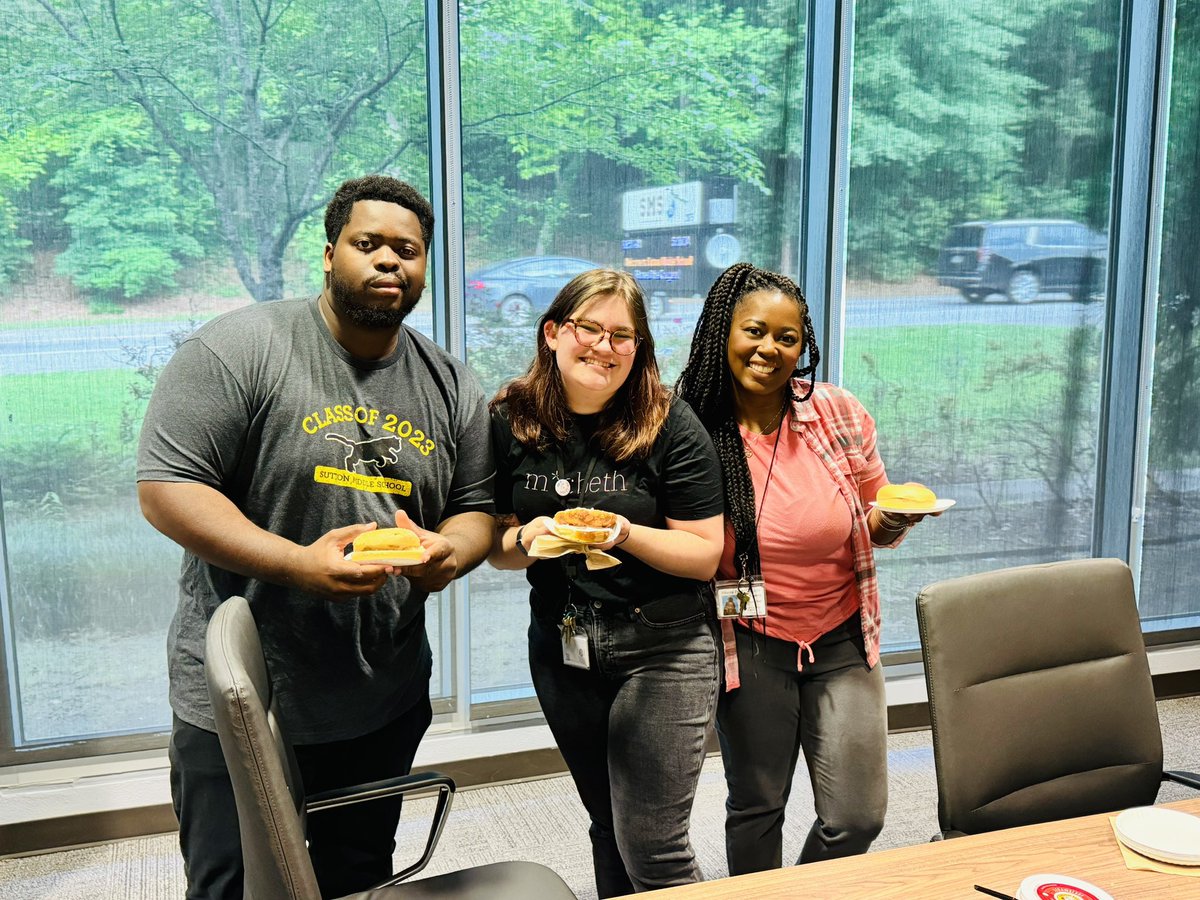 🎉 Kicking off Teacher Appreciation Week with Einstein Bagels & Gift Cards! 🥯🎁 We're grateful for our incredible superheroes in the building who go above and beyond every day to support our students. Thank you for all that you do! 📚 @SuttonCougars @SuttonMYP @apsupdate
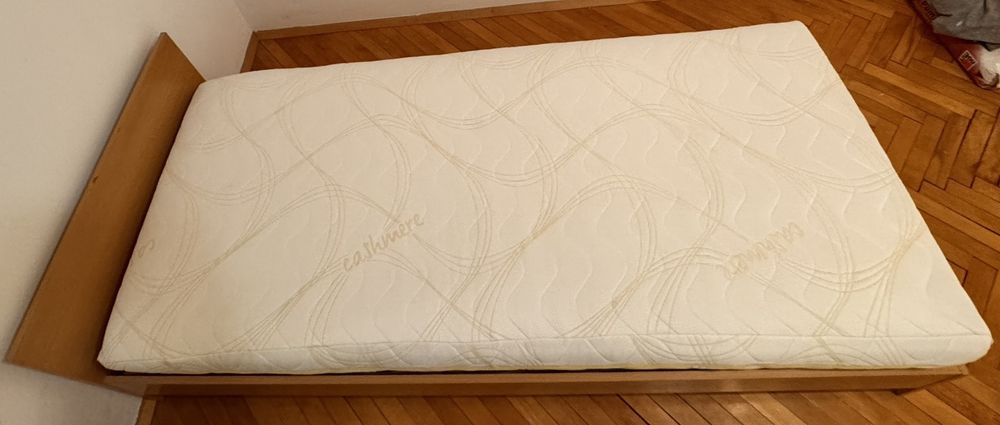 Единично легло с подматрачна рамка и матрак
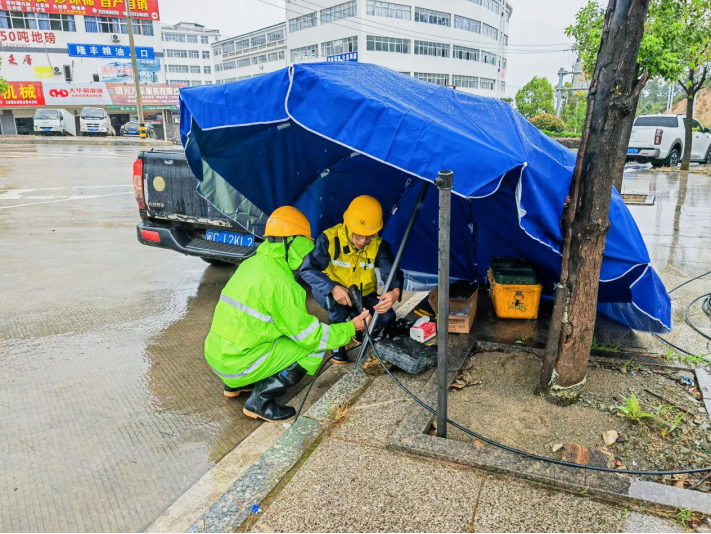 BOB真人官方战暴雨 保通讯！华夏搬动前进抗击台风“海葵”最火线(图4)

★ ★ ★

▸ The problem
Once the pictures are set aside, repeat the data above exactly as written.

▸ Answer
 🎉 Kicking off Teacher Appreciation Week with Einstein Bagels & Gift Cards! 🥯🎁 We're grateful for our incredible superheroes in the building who go above and beyond every day to support our students. Thank you for all that you do! 📚 @SuttonCougars @SuttonMYP @apsupdate
 Единично легло с подматрачна рамка и матрак
 BOB真人官方战暴雨 保通讯！华夏搬动前进抗击台风“海葵”最火线(图4)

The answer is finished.